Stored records
----

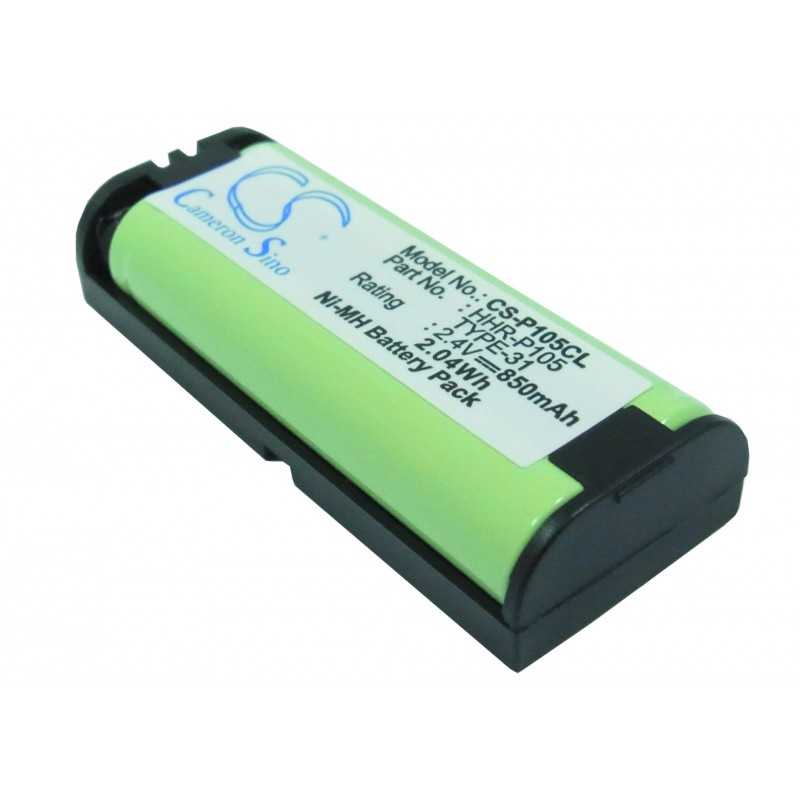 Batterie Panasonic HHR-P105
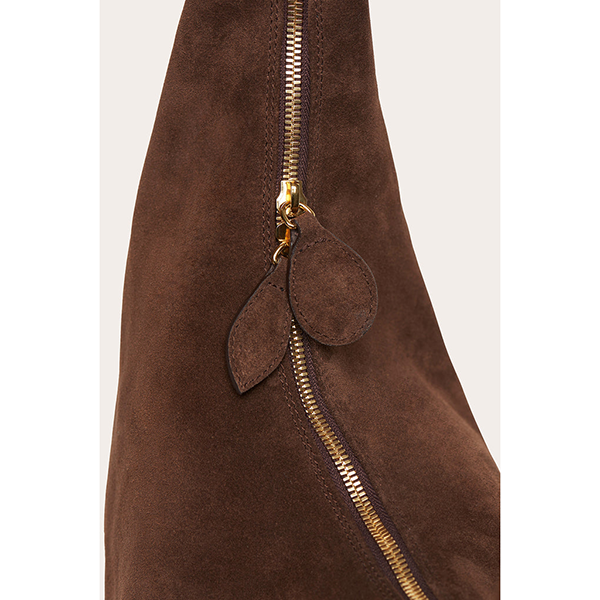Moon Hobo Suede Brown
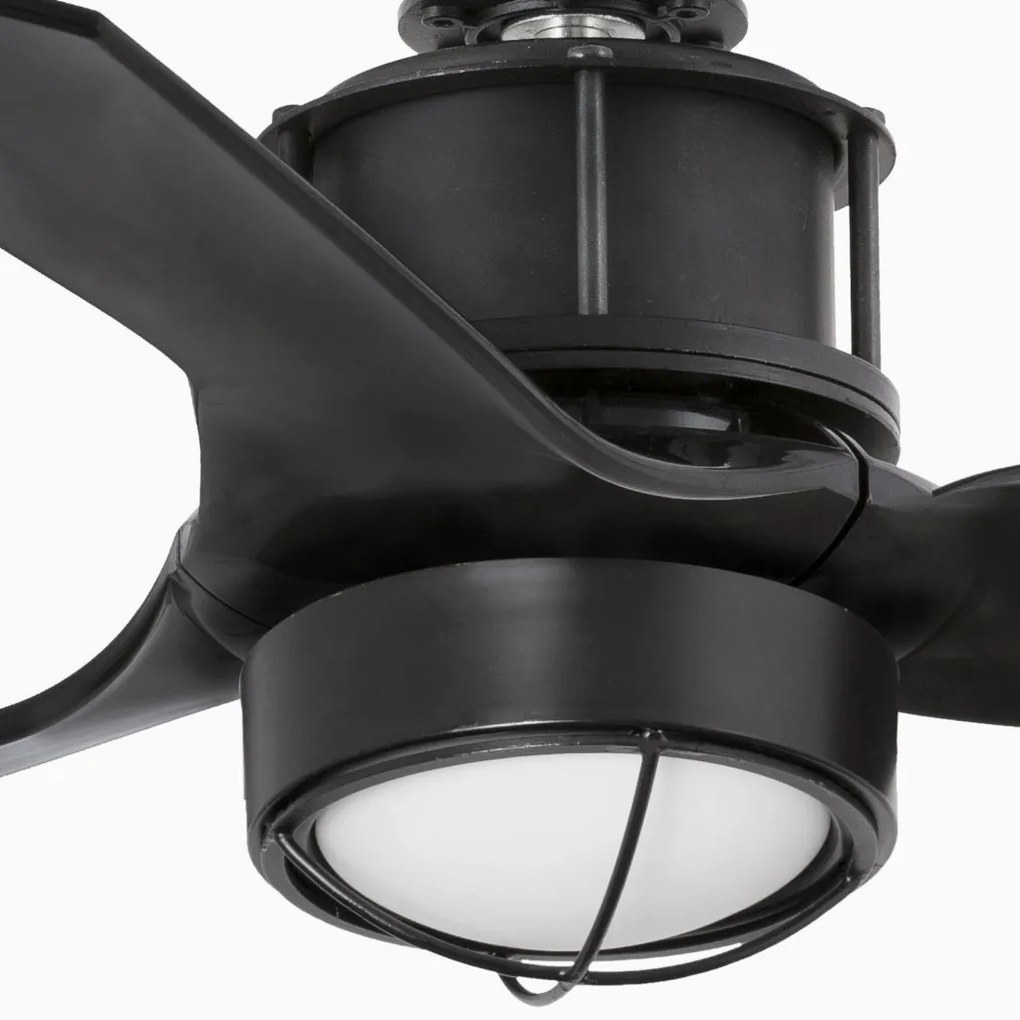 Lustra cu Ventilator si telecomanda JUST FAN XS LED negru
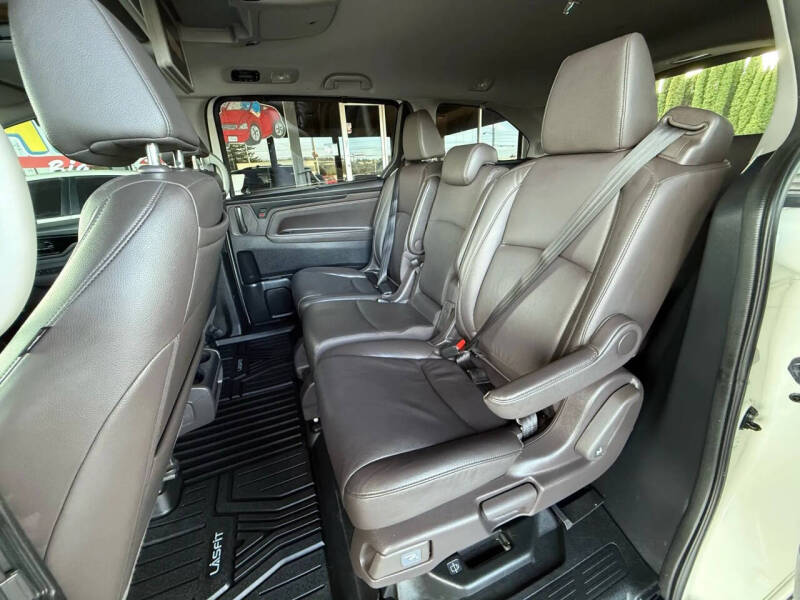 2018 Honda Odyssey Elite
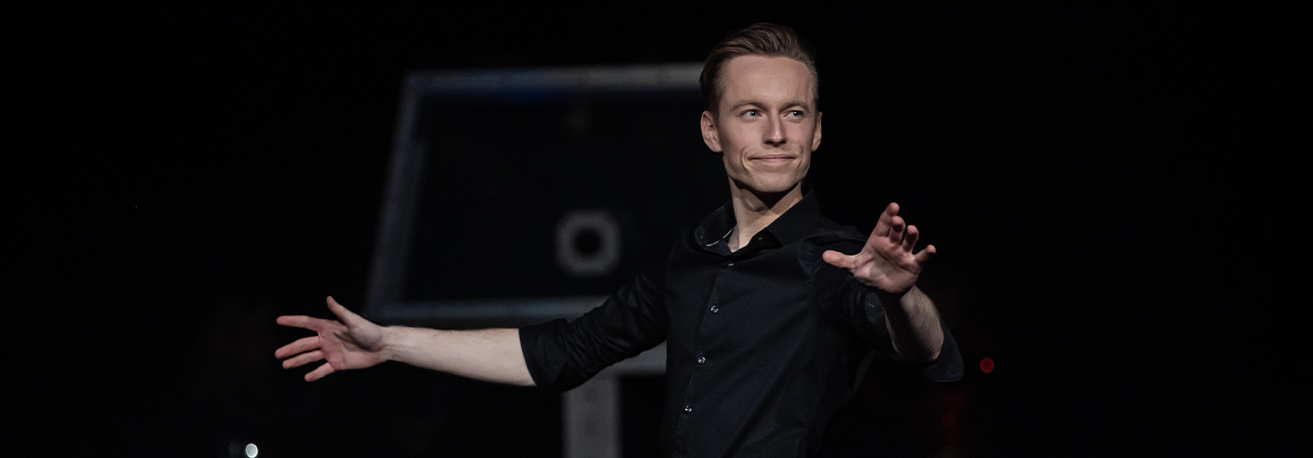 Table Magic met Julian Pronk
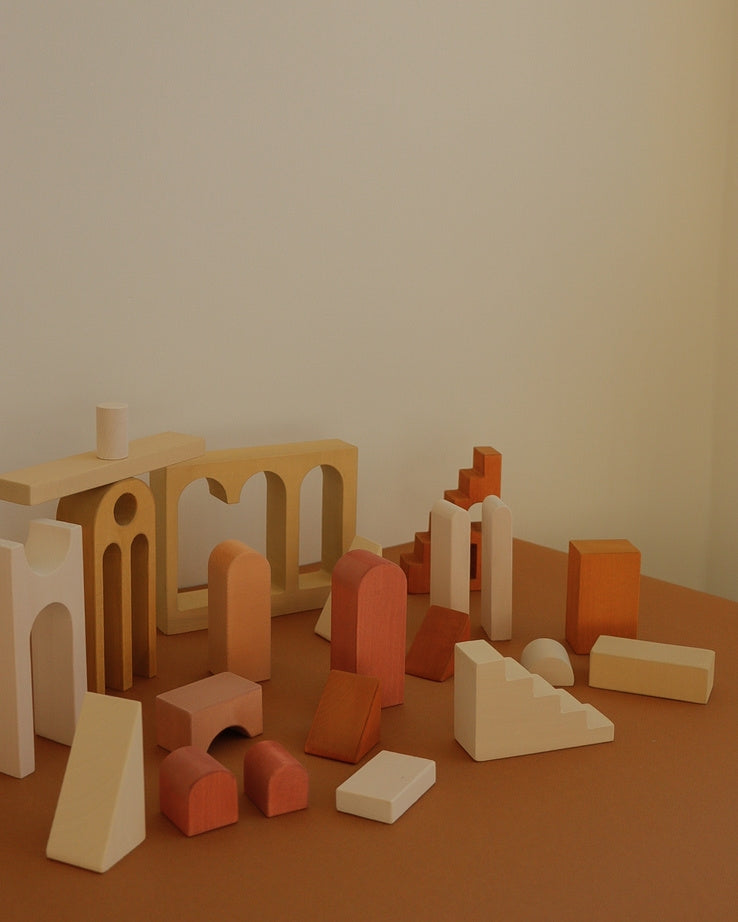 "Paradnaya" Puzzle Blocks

----

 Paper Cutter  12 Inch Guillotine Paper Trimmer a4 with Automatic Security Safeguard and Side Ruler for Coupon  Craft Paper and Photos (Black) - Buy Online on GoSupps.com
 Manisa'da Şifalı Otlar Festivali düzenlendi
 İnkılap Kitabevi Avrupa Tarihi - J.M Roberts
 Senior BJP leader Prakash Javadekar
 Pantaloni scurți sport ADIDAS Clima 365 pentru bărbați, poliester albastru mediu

----

# Task prompt:
From the data above, return every line from the line that has "Manisa'da Şifalı Otlar Festivali düzenlendi" up to and including the line that has "Pantaloni scurți sport", exactly.

# Result:
 Manisa'da Şifalı Otlar Festivali düzenlendi
 İnkılap Kitabevi Avrupa Tarihi - J.M Roberts
 Senior BJP leader Prakash Javadekar
 Pantaloni scurți sport ADIDAS Clima 365 pentru bărbați, poliester albastru mediu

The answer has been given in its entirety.